From the Department of Pathology, Memorial Hermann Southwest Hospital, Houston, Texas (Dr Brown); the Department of Pathology and Laboratory Medicine, Medical University of South Carolina, Charleston (Mr Della Speranza); the Department of Pathology, Johns Hopkins Hospital, Baltimore, Maryland (Ms Alvarez); the Department of Pathology, Greenwich Hospital, Greenwich, Connecticut (Dr Eisen); the Department of Pathology and Laboratory Medicine, Cedars-Sinai Medical Center, Los Angeles, California (Dr Frishberg); the Department of Pathology, University of Utah Medical School, Salt Lake City (Dr Rosai); the Histologic Technology Program, Florida State College at Jacksonville, Orange Park (Mr Santiago); the Department of Laboratory Medicine and Pathology, Royal Columbian Hospital, New Westminster, British Columbia, Canada (Ms Tunnicliffe); Governance (Ms Colasacco) and Surveys (Ms Thomas), College of American Pathologists, Northfield, Illinois; and the Quality and Guidelines Department, American Society of Clinical Oncology, Alexandria, Virginia (Ms Lacchetti).

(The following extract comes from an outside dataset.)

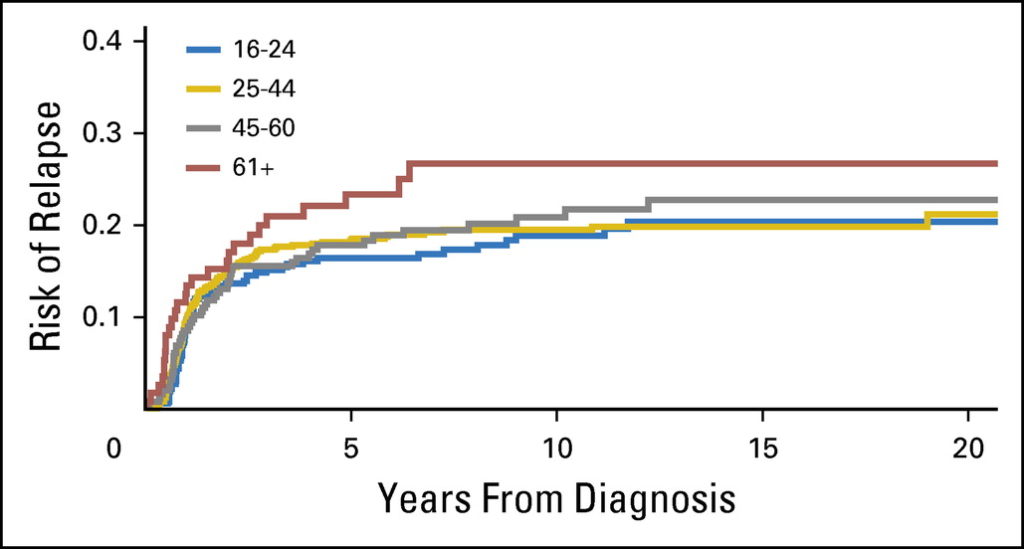 Relapse rates refer to the frequency at which patients experience a return of symptoms or worsening of their condition after a period of improvement or stability.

Arch Pathol Lab Med. 2015 Dec;139(12):1515-24. doi: 10.5858/arpa.2014-0340-SA. Epub 2015 Apr 21.
The labeling of paraffin blocks and microscopic glass slides in the practice of surgical pathology varies from institution to institution and introduces potential risk of preanalytic error. Currently there are no evidence-based guidelines regarding the uniform labeling of these materials.
To develop recommendations that will address the need for adequate patient identification and provide a consistent method of identifying slides originating from a particular block.
Twelve guideline statements were established to assist pathology laboratories in developing standardized block and slide labeling practices. These guidelines call for the use of 2 patient identifiers, 1 of which includes the accession number and case type, on all paraffin blocks and slides. Recommendations were also developed to address the order and format in which identifying elements should appear.
Uniform labeling of paraffin blocks and slides derived from patient specimens will provide an important enhancement to patient safety by assuring that all preparations derived from a patient's tissue can be uniquely and unambiguously linked to that patient. Adoption of standardized practices additionally will improve patient care by facilitating interpretation of histologic sections when they are referred in consultation to a second institution.
在外科病理学实践中,石蜡块和显微镜玻璃载玻片的标签在不同机构之间存在差异,这引入了潜在的分析前误差风险。目前,关于这些材料的统一标签尚无循证指南。
制定建议,以满足充分识别患者的需求,并提供一种识别来自特定蜡块的载玻片的一致方法。
确定了 12 条指南声明,以协助病理实验室制定标准化的蜡块和载玻片标签实践。这些指南要求在所有石蜡块和载玻片上使用 2 个患者标识符,其中 1 个包括访问号和病例类型。还制定了建议,以解决识别元素应出现的顺序和格式问题。
对源自患者标本的石蜡块和载玻片进行统一标签将通过确保从患者组织获得的所有制剂都可以唯一且明确地与该患者相关联,从而为患者安全提供重要增强。采用标准化实践还将通过促进将组织学切片提交给第二家机构进行咨询时的解释,从而改善患者护理。